As I write this I am very tired. In fact, tired is not the right word really. ‘Weary’ is a better word; wearied from watching the news all evening, watching images of huge swathes of London burning to the ground, of hooded thugs smashing and burning anything in site, attacking police and fire crews, and listening to their callous chatter picked up on mobile phones as they size up the latest shops to raid, of listening to distraught small businessmen, innocent shopkeepers and ordinary residents voicing their despair as their homes and livelihoods go up in smoke and their communities are shattered. My mobile phone was pinging away all night like some kind of demented pinball machine as updates and comments flooded in from all the various social media I have plumbed into it. The sense of horror, disgust and outrage up and down the country is palpable.
The violence, which started in Tottenham on Saturday, seems to have escalated out of a protest outside the Tottenham Constabulary following the shooting of 29-year-old Mark Duggan by Metropolitan Police officers on 4 August. The protest was organised by family and friends of the late Mr Duggan accompanied by the usual complement of loudmouthed local community leaders keen to stick the boot into the police and get their pictures in the local paper. An Internet rumour seems to have sprung up shortly thereafter, alleging that Mr Duggan was ‘executed’ by the police, who supposedly shot him multiple times in the back of the head (something Rachel Cerfontyne of the Independent Police Complaints Commission was quick to deny in her subsequent press conference). From there the Tottenham riots began as local ne’er-do-wells poured onto the streets in prospect of a ruck and an excuse to pillage and terrorise.
Mr Duggan had been killed during a planned raid by police as part of Operation ‘Trident’, a specialist unit tackling black inner city gun crime. There have been various conflicting reports of precisely what happened and about Mr Duggan himself, though reports seem to suggest he had links to the infamous ‘Star Gang’ and may have been involved in drug dealing. Police allege he was in possession of a firearm and opened fire on them. Of course, at this point, none of this really matters any more. These riots stopped being about Mr Duggan some time ago. This is nothing short of a full scale rebellion against law and order on the part of an underclass of criminal yobbos who have been indulged by the powers that be for far too long.

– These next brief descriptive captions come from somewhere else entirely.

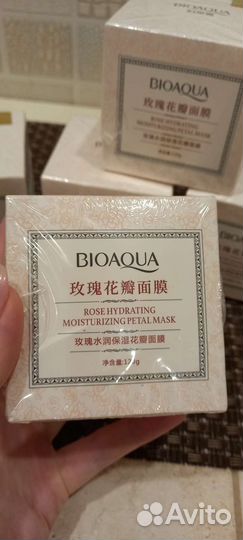 Ночная смягчающая маска для лица с лепестками роз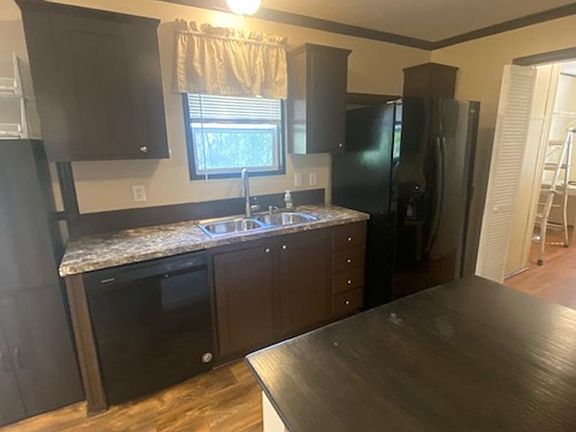 5th image of 9953 Lee Road 240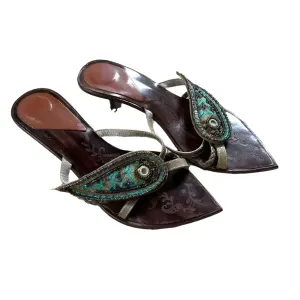 Vintage-Inspired Brown Beaded Sandals – Vintage-Inspired Leather Slides with Embroidered Paisley Detailing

The so-called ‘Tottenham riots’ soon descended into looting, vandalism and other criminality. It spilled into the neighbouring district of Wood Green later on Saturday evening and continued into Sunday, with looters ransacking shops and businesses. By Sunday night, the chaos had spread beyond Haringey to Enfield, Brixton, Ilford, Islington, Hackney, Lambeth, Southwark, Waltham Cross, even Oxford Circus. Yesterday we saw this orgy of mayhem take hold in Walthamstow, Chingford, Croydon, Brent, Tower Hamlets, Lewisham, Ealing and Barnet. Even an antiques shop in upmarket Chelsea was looted. Over the course of the evening, we heard various reports that copycat riots have now broken out in sites outside London – Birmingham, Leeds, Liverpool, Nottingham and Bristol. In my own neck of the woods, Essex, we have heard rumours of disturbances in Dagenham, Romford and even Southend-on-Sea!

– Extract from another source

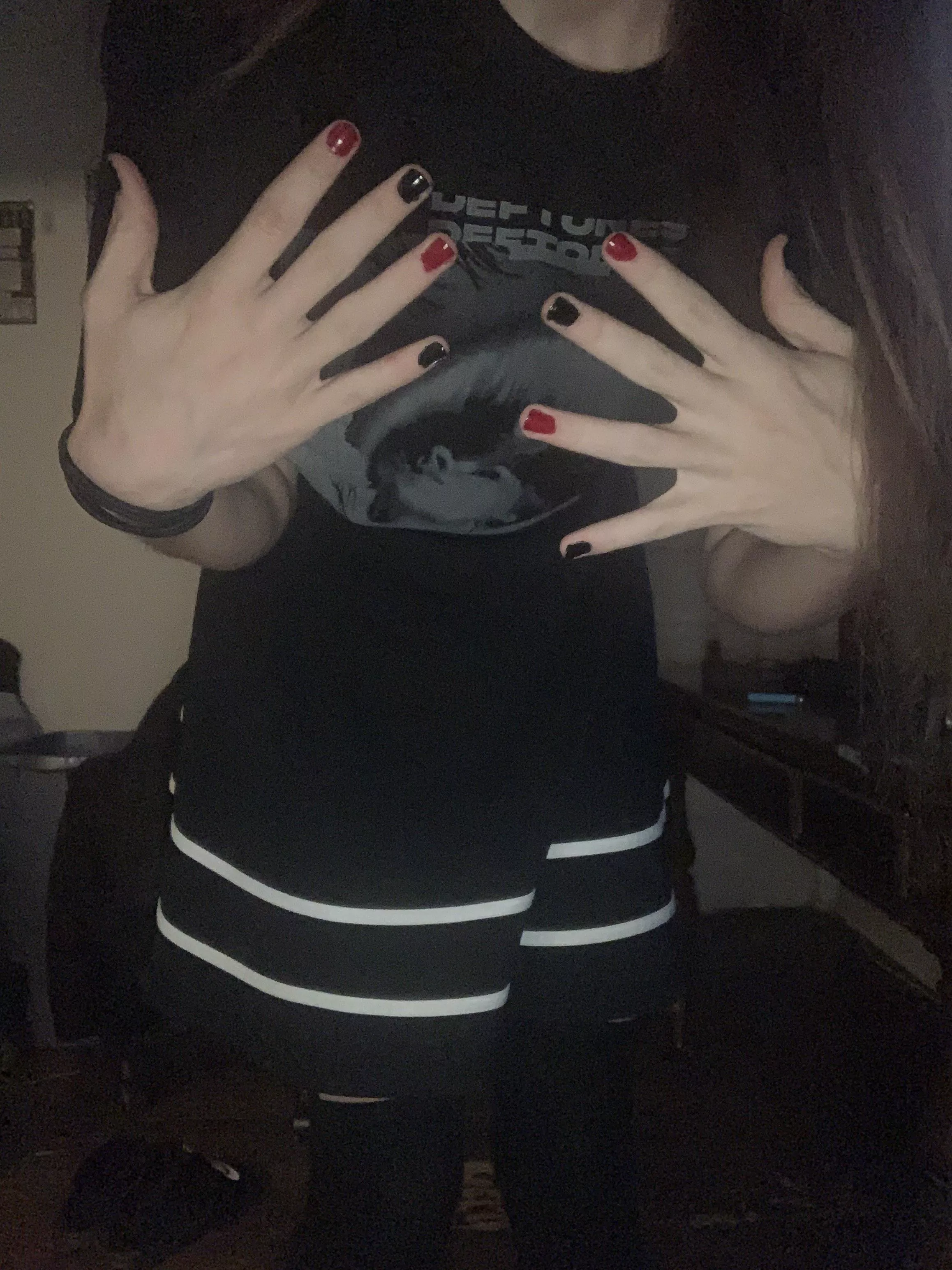 Sit on bed paint nails while watching YouTube. Happy boy ☺️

It goes without saying that what we have witnessed on our television screens has been absolutely sickening. The primary motivation of the disturbances is no longer any sense of ‘outrage’ at a particular shooting but sheer criminal opportunism. These people are actuated by an opportunity for theft, pure and simple; thievery and a glut of animalistic carnage and destruction. ‘Yoofs’, who are usually content merely with smashing up a public phone booth or vandalising a bush shelter have simply taken advantage of a situation that is allowing them to trash entire streets.
Unfortunately, some of the more lily-livered elements are already playing apologists and trying to blame ‘social inequality’, as though this criminality is somehow the legitimate fallout from inner city deprivation (as though ‘poverty’ in this country is anything other than largely relative). Labour and the Left were quick off the mark with their latest round of cant, hypocrisy and shameless opportunism. Chris Williamson, Labour MP for Derby North, was soon salivating over Twitter, blaming the Tories. He was followed by Lee Jasper, former advisor to Ken Livingstone on policing and equality (the same man who recently compared Boris Johnson to Anders Breivik), who described the rioting and looting as “economic violence”. The common theme was ‘cuts’, ‘unemployment’, ‘disaffected youth’ and – would you believe – ‘police brutality’. Neither expressed any sympathy for businesses or ordinary members of the public being terrorised in their own homes. Mr Jasper even asked “When did Curry’s build a school?” [Good point, Lee. Selfish capitalist pigs! Burn it to the ground!]
These two clowns were later followed up by ‘Red Ken’ himself. Mr Livingstone was quick to raid the TV studios to ply his usual brand of trite left-wing bilge, trying to paint these (largely teenage) thugs as “young black men” rioting out of frustration at not being able to find jobs to support their “wives and families” on Newsnight last night. Of course, ‘Red Ken’ completely ignores the fact that the Government’s cuts have not even started yet and he chose to overlook the massive investment that has gone into places like Tottenham and Hackney over the past three decades, under both Labour and Tory governments. He also conveniently glosses over the notorious mismanagement of, for example, Labour-controlled Haringey Council. But that is to be expected from that noxious nasal-voiced newt fancier.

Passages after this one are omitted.